Vous avez croisé d’autres cyclistes ?
En ville oui, beaucoup. Le reste du temps, sur les grands axes, j’étais seul.
Quelle était la réaction des gens quand ils vous voyaient ?
Ils me prenaient pour un malade ! (rires). À de nombreuses reprises on m’a klaxonné, on m’a demandé ce que je faisais là.
Les routes étaient bien aménagées ?
En ville, oui. Hors agglomération, c’est compliqué. Par exemple, la célèbre route 66 se transforme en autoroute. Là, c’est chaud, ce n’est pas sécurisé du tout. J’ai essayé d’éviter les voies rapides mais souvent je n’avais pas le choix. Quand tu roules sur les roadsides, les bandes d’arrêt d’urgence, il faut vraiment faire attention. Il y a plein de morceaux de verre, des vieux pneus. En trois mois, j’ai crevé 44 fois…

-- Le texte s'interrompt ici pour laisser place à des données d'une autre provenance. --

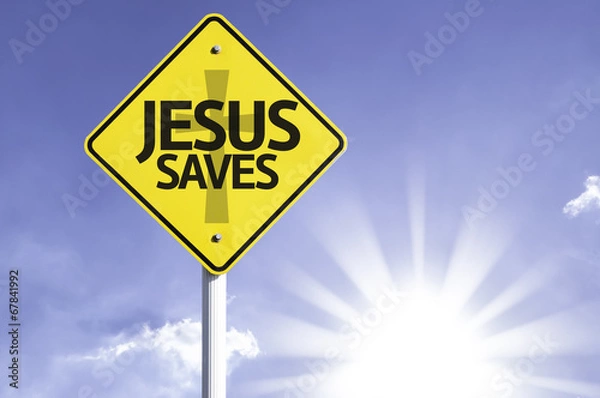 Fototapeta Jesus Saves road sign with sun background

Le climat vous a été favorable ?
Dans un sens, oui. Je n’ai eu que deux jours de fortes pluies. D’un autre côté, j’ai vécu des journées difficiles. En Oklahoma, il y a un courant froid qui descend de l’Alaska. Le matin, il faisait 30°C. En fin d’après-midi, on tombait à zéro… Mais le plus compliqué, c’était le vent. Passé la ville d’Amarillo au Texas, j’ai pédalé face à des bourrasques de 70km/h. J’ai dû m’arrêter. Au cours du voyage, je me suis fait dépanner trois fois, j’ai pu demander de l’aide et charger mon vélo dans un pick-up. L’autre problème lié au vent, c’est que la nuit, dans la tente, ça m’empêchait de dormir. Du coup, je ne récupérais pas.
Quel a été votre meilleur souvenir ?
Je dirais le Grand canyon. Je suis arrivé de nuit, le lendemain je me suis rendu compte des paysages incroyables qui m’entouraient. Ça m’a marqué.
Votre pire expérience ?
Le premier jour au Texas, sans hésiter. Il faisait très chaud et le vent soufflait fort. J’avais déjà roulé trois jours. J’ai tiré jusqu’à Amarillo, 90km sous 36° au milieu des parcs éoliens avec un vent de face… C’était dur.
Vous avez plannifié le prochain périple ?
Je ne compte pas repartir dans l’immédiat, je dois encore récupérer de ce voyage. Et puis, il est important d’être soutenu. Un trip comme ça nécessite un budget pour l’équipement, le matériel, les billets d’avion. Ça coûte au moins 5.000 ou 6.0000 euros, ça fait un ticket quand même !
Qu’est-ce que ce voyage vous a apporté ?
C’était un défi personnel. Avec du recul, je me rends compte que même si j’étais seul sur mon vélo, j’ai été vraiment soutenu par mes amis et ma famille. J’ai ressenti que j’étais bien entouré, c’est important.